Archives for category: Bounded rationality

Living organisms, in order to live,
need to ingest portions of where they they live
.”

I’m not going to discuss the veracity of the above. Which is true, in the sense that this is how we determine whether an organism is alive or not.
My point being that in order to perform this, the organisms – each and every one of them – need to act as if they are able to make the difference between ‘in’ and ‘out’. Besides the fact that they need to discern between ‘food’ – which is to be ‘imported’ and everything else. Which everything else must be kept on the outside.

See what I mean when I speak about the difference between ‘in’ and ‘out’?

In this sense, organisms – from the very beginning – have a certain ‘dimensional awareness’ of the world.
Of their environment, more exactly.
And, as things have become more and more ‘complicated’, the dimensional awareness has become more and more sophisticated.
Plants act as if they know the difference between up and down, animals are indeed able to find their way when foraging.

The advent of consciousness has added a new layer to that awareness. Now we speak about ‘self-awareness’. We, conscious beings, are not only aware of the difference between our own ‘inside’ and the rest of the world but we’re also aware of our consciousness. We are aware of our selves. Our selves are aware about themselves. Our selves are able to think. To consider things.

Previous organisms have been able to react – according to ‘ingrained procedures’ which have been, in variable degrees, honed by ‘learning’ – while we are able, on top of our own reactivity, of careful consideration. Of making the difference between ‘fight’ and ‘flight’. Not only to choose one on occasion – all other ‘competitive’ animals do that on a regular basis – but also able to actively consider the difference between the two concepts.
Previous organisms have been able to choose between when to fight and when to flee in an ‘instinctive’ manner. For some, granted, those instincts have been honed by ‘learning’, but their decision making process has continued to remain ‘procedural’. Very little, if any, ‘active consideration’. Very little, if any, ‘originality’.

Consciousness – our ability to actively observe and then examine/discuss our own observations – has opened a vast field of opportunity.
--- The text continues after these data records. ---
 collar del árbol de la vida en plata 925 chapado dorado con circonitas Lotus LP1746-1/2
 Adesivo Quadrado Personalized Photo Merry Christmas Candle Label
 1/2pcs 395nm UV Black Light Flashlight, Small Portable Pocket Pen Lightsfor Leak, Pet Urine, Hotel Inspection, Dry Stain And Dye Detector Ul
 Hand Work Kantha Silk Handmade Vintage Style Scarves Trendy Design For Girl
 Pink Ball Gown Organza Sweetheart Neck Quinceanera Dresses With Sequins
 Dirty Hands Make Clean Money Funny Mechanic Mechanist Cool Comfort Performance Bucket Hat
Being able to actively observe a situation and to actively consider the circumstances/consequences before making a decision adds a fourth dimension to the already ‘three dimensional space’.

Life, per se, has no direction. Evolution only helps life to survive. To adapt itself to adaptable changes in the environment. Life, per se, has no direction. No direction and no meaning.
Life, simple life, takes place in a space with three dimensions.
Three parameters. In/out, abundance/scarcity, food/poison.
An organism, any organism, continues to live for as long as there is ‘enough’ ‘food’ ‘inside’ it. And not enough ‘poison’ to kill it.
But ‘simple’ organisms have no plans. No ‘future’. The more sophisticated among them display a behaviour we associate with ‘feelings’ – which apparently help them, evolution wise – but still no ‘future’.
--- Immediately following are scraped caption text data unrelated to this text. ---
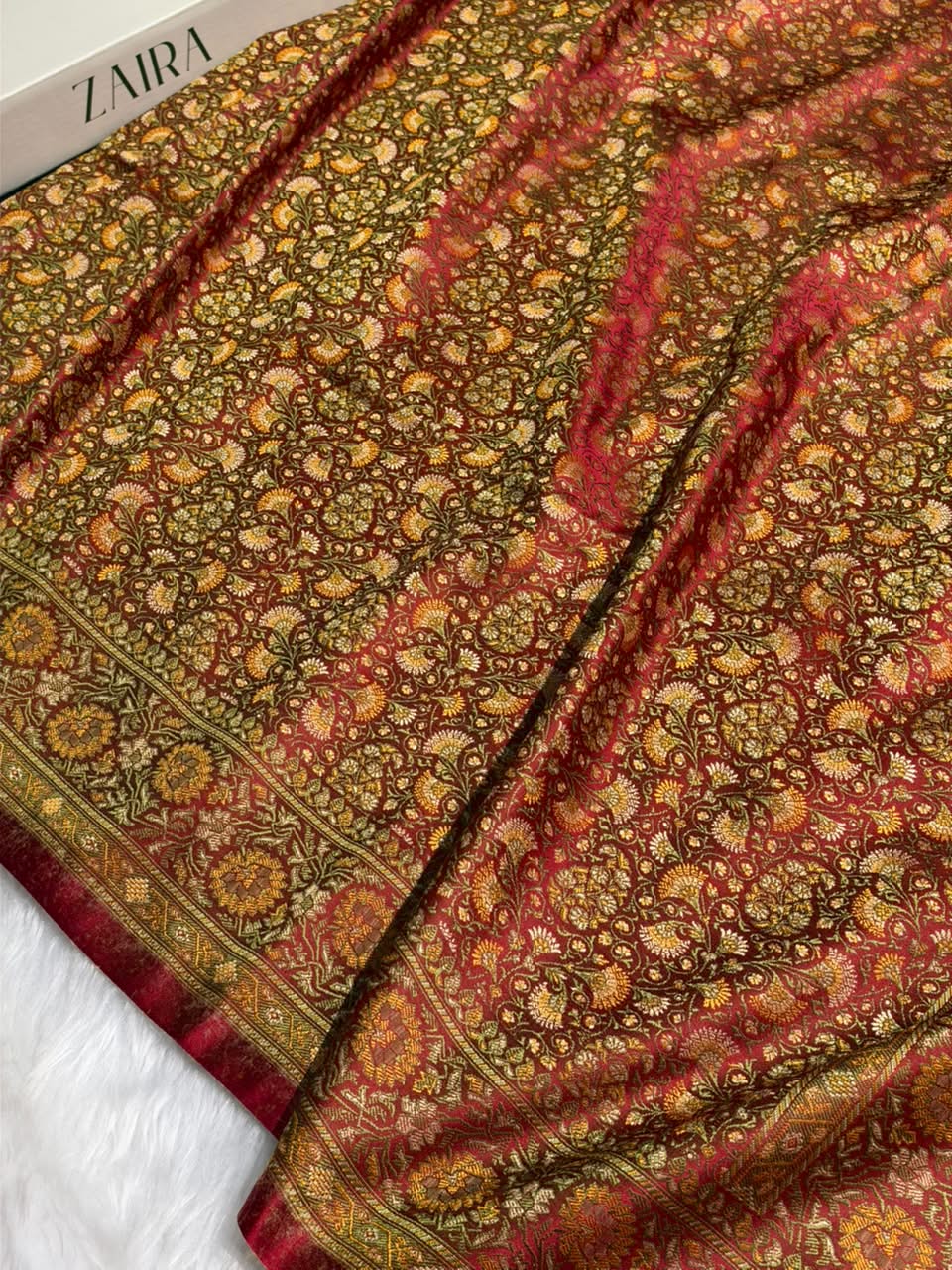 Maroon Jamawar Tanchoi Katan Silk Saree SKTM-28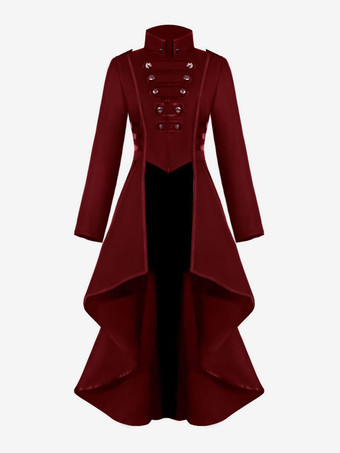 レッド 中世ルネッサンスハロウィンヴィンテージジャケットゴシック制服 バーガンディ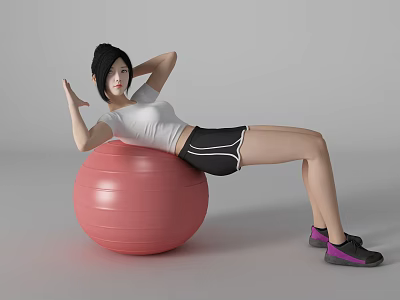 Woman Exercising On Pink Fitness Ball With White Top And Black Shorts 3d model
Biological time is as bland as physical time. It flows according to rules ingrained in the already-existent.
A star will ‘function’ according to pre-existent rules, a microbe will live according to the information inscribed in its DNA, in the context of all other ‘natural laws’, while an orangutan will be able to add very little to the above. If you consider things dispassionately, there is a continuous chain of events from the shiny stars in the sky to the orangutans roaming the Indonesian jungle. And no individual agent was needed in order to successively latch causes into the chain which led to the present set of circumstances. According to what we presently know, anyway…

Until a short hundred of years ago… When Man ‘invented’ the palm oil. When Man had purposely invented the industrial process through which palm is transformed into edible oil.
When Man had used his agency to ‘improve’ his lot. And carelessly destroyed the habitat of the orangutan.
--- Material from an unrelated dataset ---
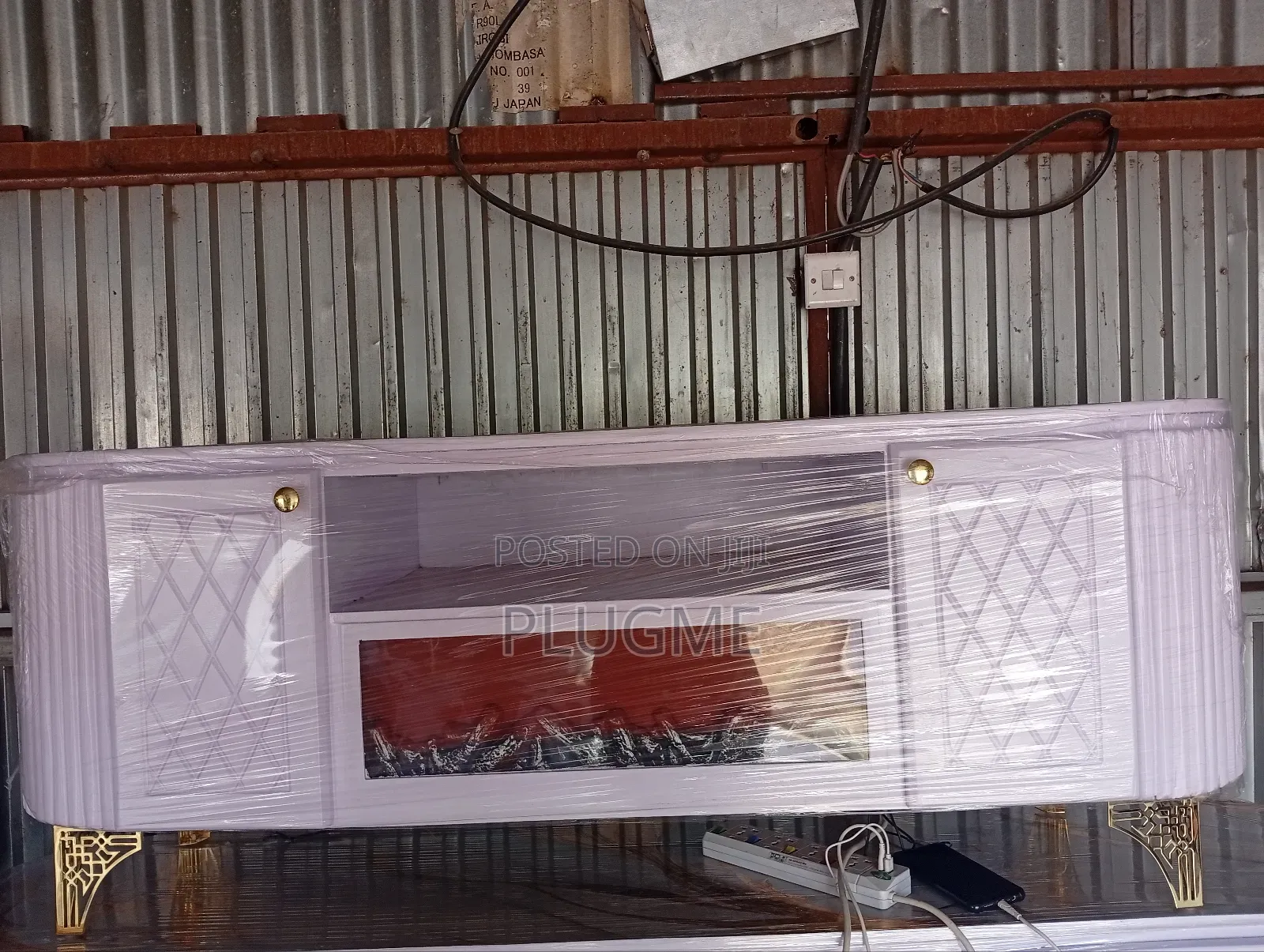 5ft Marble Tv Stand With Storage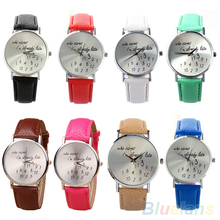 Women Watch Who Cares Faux Leather Band Quartz Date Round Dial Analog Wrist Watch 2LJH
In this sense we may consider that the orangutan continue to live along a linear time – individually and/or collectively the orangutan remain unable to pro-actively determine their fate – but time itself is no longer linear.
Since the advent of Man, time no longer flows according to ‘objective’ rules. According to rules contained into the very fabric of things. Currently, and ‘locally’, the flow of time is increasingly influenced by the agency of Man.

Self-conscious organisms,
in order to satisfy their need for meaning,
attempt to make sense of what they are living.
To lead a meaningful life,
they need to ingest not only portions of where they live
but also as much information as possible about where they live.
As much information as humanly possible…


I’ve been watching this, on and off, for three days now.
And I still can’t make up my mind. Whom to admire more.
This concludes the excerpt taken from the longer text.